Asynchronous successive halving (ASHA) :cite:`li-arxiv18` adapts SH to
the asynchronous parallel scenario. The main idea of ASHA is to promote
configurations to the next rung level as soon as we collected at least
:math:`\eta` observations on the current rung level. This decision rule
may lead to suboptimal promotions: configurations can be promoted to the
next rung level, which in hindsight do not compare favourably against
most others at the same rung level. On the other hand, we get rid of all
synchronization points this way. In practice, such suboptimal initial
promotions have only a modest impact on performance, not only because
the ranking of hyperparameter configurations is often fairly consistent
across rung levels, but also because rungs grow over time and reflect
the distribution of metric values at this level better and better.
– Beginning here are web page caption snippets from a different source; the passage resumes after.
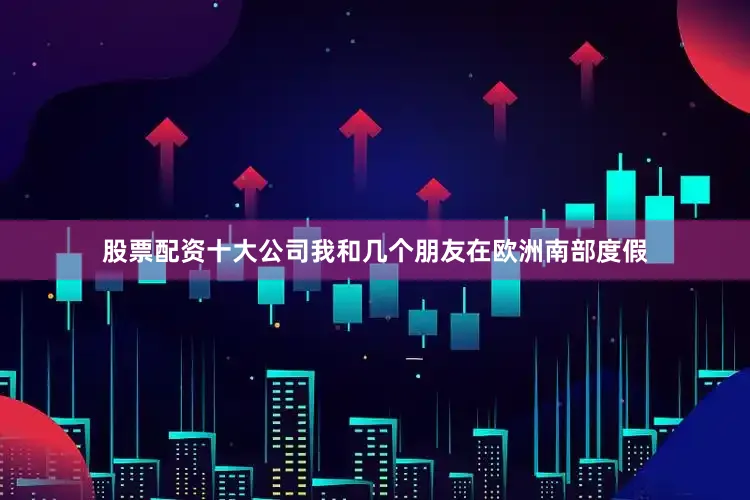 股票配资十大公司我和几个朋友在欧洲南部度假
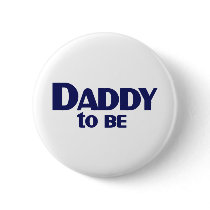 Daddy to Be Button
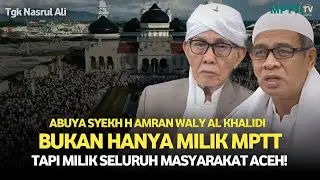 Abuya Syekh H Amran Waly Al Khalidi Adalah Milik Masyarakat Aceh! Tgk Nasrul Ali 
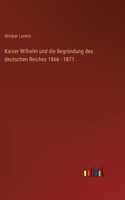 Kaiser Wilhelm und die Begründung des deutschen Reiches 1866 - 1871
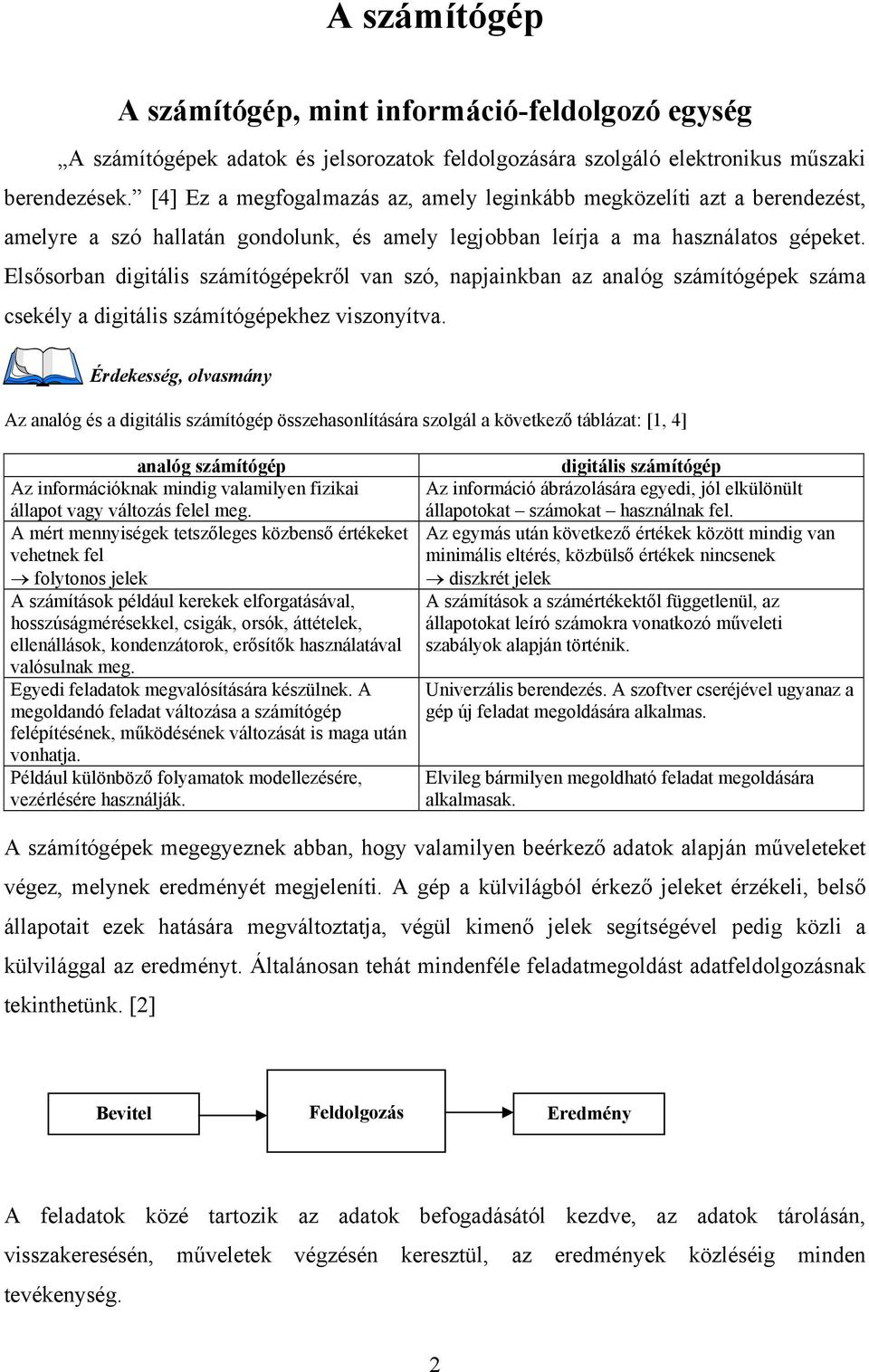 Elsősorban digitális számítógépekről van szó, napjainkban az analóg számítógépek száma csekély a digitális számítógépekhez viszonyítva.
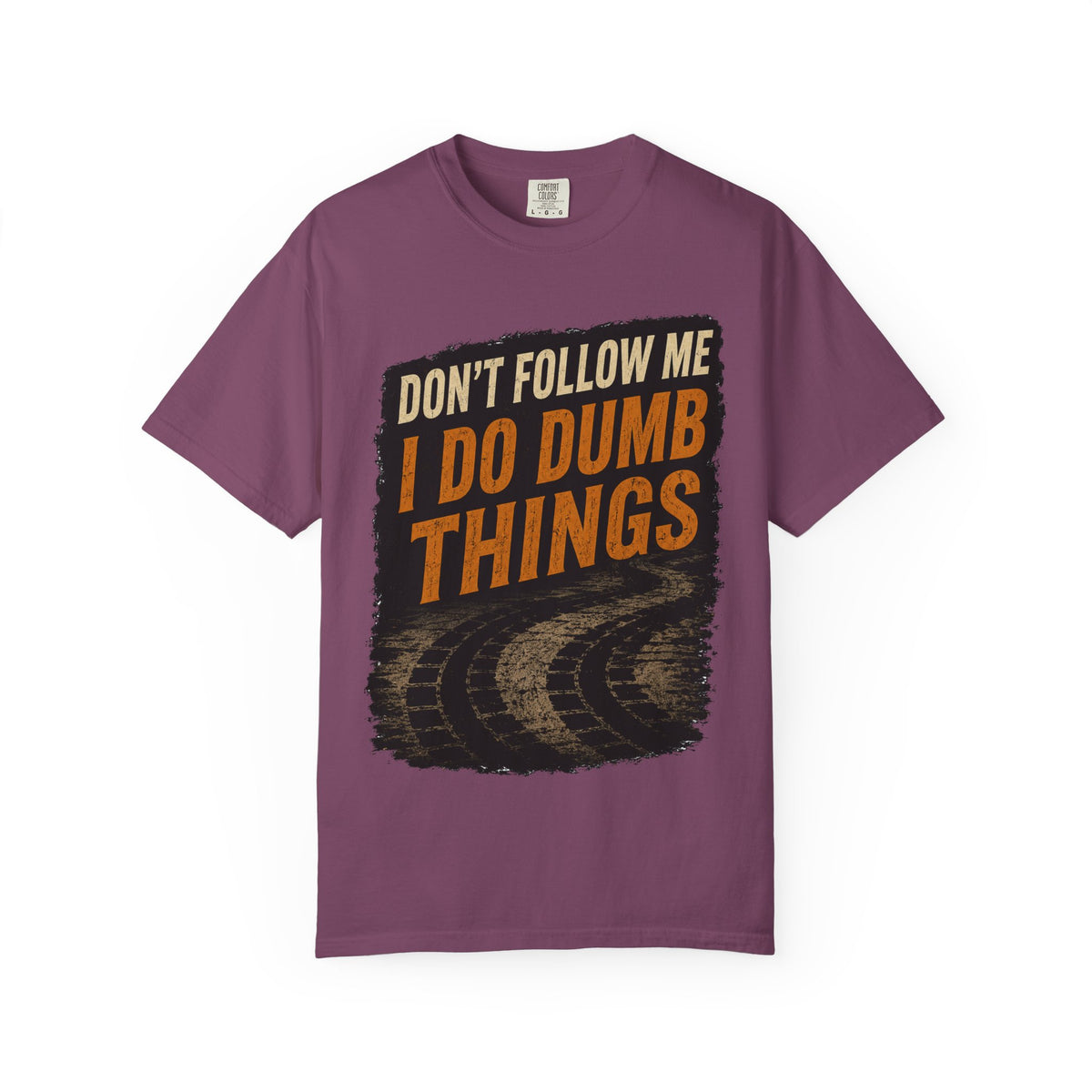 Don't Follow Me I Do Dumb Things T-Shirt # 5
If a
worker is free, but no configuration can be promoted, we start a new
configuration with :math:`r = r_{\mathrm{min}}`, i.e the first rung
level.

:numref:`asha` shows the scheduling of the same configurations for
ASHA. Once Trial-1 finishes, we collect the results of two trials (i.e
Trial-0 and Trial-1) and immediately promote the better of them
(Trial-0) to the next rung level. After Trial-0 finishes on rung 1,
there are too few trials there in order to support a further promotion.
Hence, we continue with rung 0 and evaluate Trial-3. Once Trial-3
finishes, Trial-2 is still pending. At this point we have 3 trials
evaluated on rung 0 and one trial evaluated already on rung 1. Since
Trial-3 performs worse than Trial-0 at rung 0, and :math:`\eta=2`, we
cannot promote any new trial yet, and Worker-1 starts Trial-4 from
scratch instead. However, once Trial-2 finishes and scores worse than
Trial-3, the latter is promoted towards rung 1. Afterwards, we collected
2 evaluations on rung 1, which means we can now promote Trial-0 towards
rung 2. At the same time, Worker-1 continues with evaluating new trials
(i.e., Trial-5) on rung 0.

.. _asha:

.. figure:: ../img/asha.svg

   Asynchronous successive halving (ASHA) with two workers.


.. raw:: latex

   \diilbookstyleinputcell

.. code:: python

    import logging
    from d2l import torch as d2l
    
    logging.basicConfig(level=logging.INFO)
    import matplotlib.pyplot as plt
    from syne_tune import StoppingCriterion, Tuner
    from syne_tune.backend.python_backend import PythonBackend
    from syne_tune.config_space import loguniform, randint
    from syne_tune.experiments import load_experiment
    from syne_tune.optimizer.baselines import ASHA


.. raw:: latex

   \diilbookstyleoutputcell

.. parsed-literal::
    :class: output

    INFO:root:SageMakerBackend is not imported since dependencies are missing. You can install them with
       pip install 'syne-tune[extra]'
    AWS dependencies are not imported since dependencies are missing. You can install them with
       pip install 'syne-tune[aws]'
    or (for everything)
       pip install 'syne-tune[extra]'
    AWS dependencies are not imported since dependencies are missing. You can install them with
       pip install 'syne-tune[aws]'
    or (for everything)
       pip install 'syne-tune[extra]'
    INFO:root:Ray Tune schedulers and searchers are not imported since dependencies are missing. You can install them with
       pip install 'syne-tune[raytune]'
    or (for everything)
       pip install 'syne-tune[extra]'


Objective Function
------------------

We will use *Syne Tune* with the same objective function as in
:numref:`sec_rs_async`.

.. raw:: latex

   \diilbookstyleinputcell

.. code:: python

    def hpo_objective_lenet_synetune(learning_rate, batch_size, max_epochs):
        from syne_tune import Reporter
        from d2l import torch as d2l
    
        model = d2l.LeNet(lr=learning_rate, num_classes=10)
        trainer = d2l.HPOTrainer(max_epochs=1, num_gpus=1)
        data = d2l.FashionMNIST(batch_size=batch_size)
        model.apply_init([next(iter(data.get_dataloader(True)))[0]], d2l.init_cnn)
        report = Reporter()
        for epoch in range(1, max_epochs + 1):
            if epoch == 1:
                # Initialize the state of Trainer
                trainer.fit(model=model, data=data)
            else:
                trainer.fit_epoch()
            validation_error = trainer.validation_error().cpu().detach().numpy()
            report(epoch=epoch, validation_error=float(validation_error))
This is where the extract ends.